Task brief →
Your job is to transcribe all the records that follow, excluding any pictures.

(Items from a data source)
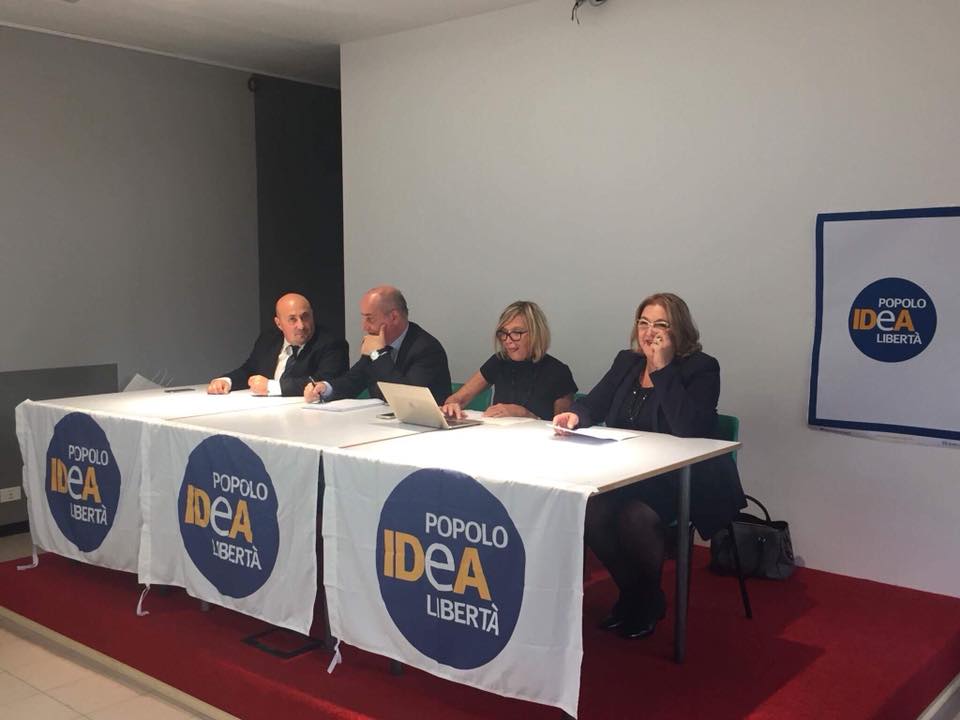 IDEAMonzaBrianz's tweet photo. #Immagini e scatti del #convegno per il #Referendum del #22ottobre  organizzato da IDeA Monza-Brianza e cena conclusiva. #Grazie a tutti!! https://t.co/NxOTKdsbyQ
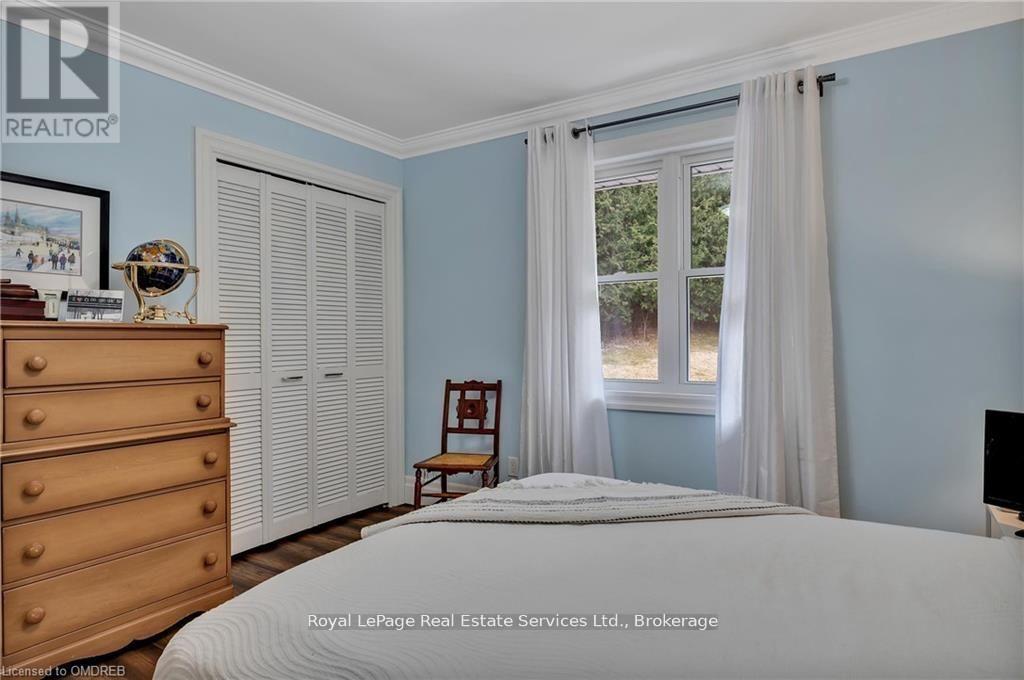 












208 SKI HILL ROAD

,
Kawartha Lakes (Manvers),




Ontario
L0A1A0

Written solution →
 IDEAMonzaBrianz's tweet photo. #Immagini e scatti del #convegno per il #Referendum del #22ottobre  organizzato da IDeA Monza-Brianza e cena conclusiva. #Grazie a tutti!! https://t.co/NxOTKdsbyQ












208 SKI HILL ROAD

,
Kawartha Lakes (Manvers),




Ontario
L0A1A0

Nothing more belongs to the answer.